People of Australia ambassadors to boost multiculturalism
40 “people of Australia” ambassadors were appointed to boost multiculturalism in Australia by Prime Minister Julia Gillard and Parliamentary Secretary for Immigration and Multicultural Affairs, Senator Kate Lundy. The ambassador program is central to the Federal Government’s national multicultural policy, The People of Australia. The Race Commissioner, Dr Helen Szoke has said that the program will “ensure that our culturally diverse communities remain harmonious and cohesive” and that “strong local leadership is imperative in order to encourage people to participate and join in community activities”. The 40 ambassadors will work with the government and the Australian Multicultural Council offering effective ideas which will assist in promoting inclusion and diversity in Australian communities.
Law Council of Australia calls for law reform for victims who are intellectually disabled
The Law Council of Australia has joined calls for the South Australian justice system to change the way it treats people with an intellectual disability. The ABC has reported that a number of cases involving alleged sexual assault against people with an intellectual disability have been dropped before going to trial because victims have trouble communicating what has happened to them. The Law Council of Australia has called for increased penalties for sexual crimes if they are committed against people with an intellectual disability.
WA Library bans Refugee Photo Exhibition
The local library in Bridgetown-Greenbushes shire in country WA has banned Amnesty International’s Faces Of Asylum photographic exhibition. The exhibition which showed in a number of other WA libraries tells real life stories of people who left everything they knew to escape persecution. Bridgetown-Greenbushes shire acting chief executive Elizabeth Denniss said that banning the exhibition “was in the best interests of the community” because of it’s political nature and that that it is “not the role of local government to get involved in those issues”. Ms Dennis also claims that Amnesty International displays in the past have caused offence to library patrons. A number of locals believe that most members of the community would actually be interested in the exhibition. Bridgetown-Balingup Amnesty International co-convener Gerry Georgatos said that the ban is a type of censorship and that it encourages “pernicious racism”.
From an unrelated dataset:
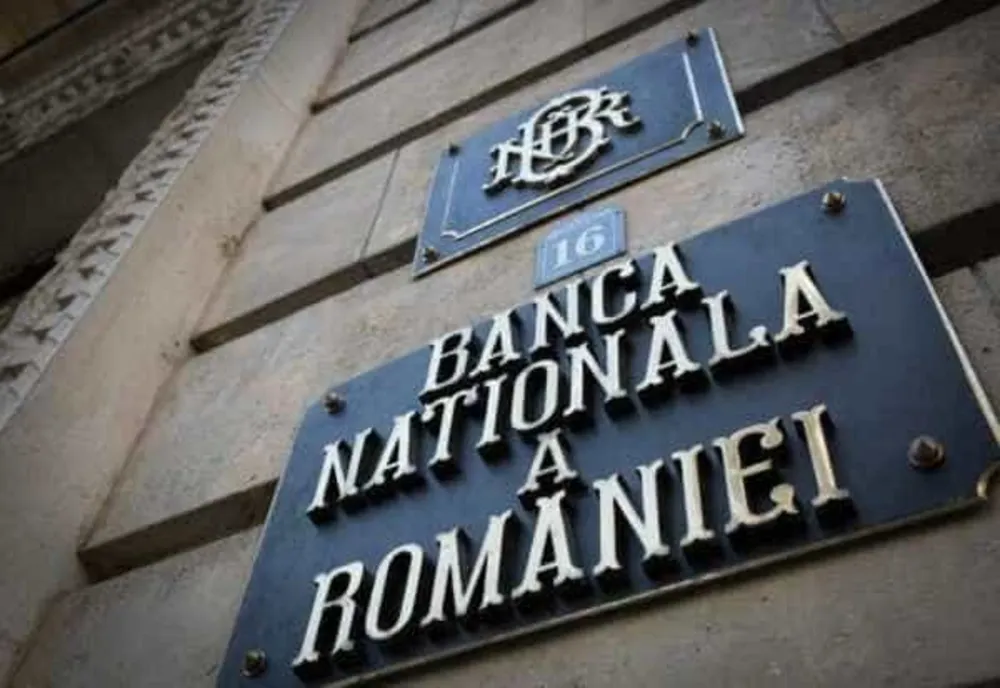 EDUCAŢIE FINANCIARĂ PENTRU CIRCA 600 DE PROFESORI DIN ÎNVĂŢĂMÂNTUL PREUNIVERSITAR DIN 17 ORAŞE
Leading Jewish body protests againsy SBS drama series
A leading jewish body seeks to halt promotion and DVD sales of The Promise, a four-part drama series, which screened late last year. Set in Israel and the occupied territories, it portrays a young British woman retracing the footsteps of her grandfather, a soldier in the final years of the British Mandate in Palestine. The series has been likened to Nazi propaganda.
The Executive Council of Australian Jewry said the series was anti-Semitic, displying historical inaccuracies and ”consistently negative portrayals” and was in direct violation of the SBS code covering prejudice, racism and discrimination.
Peter Kosminsky, its Jewish writer-director has said that ”If criticism of Israel becomes entirely synonymous with anti-Semitism, it becomes almost impossible to attempt any kind of reasoned analysis of what is clearly one of the saddest and most intractable conflicts facing the human race today”.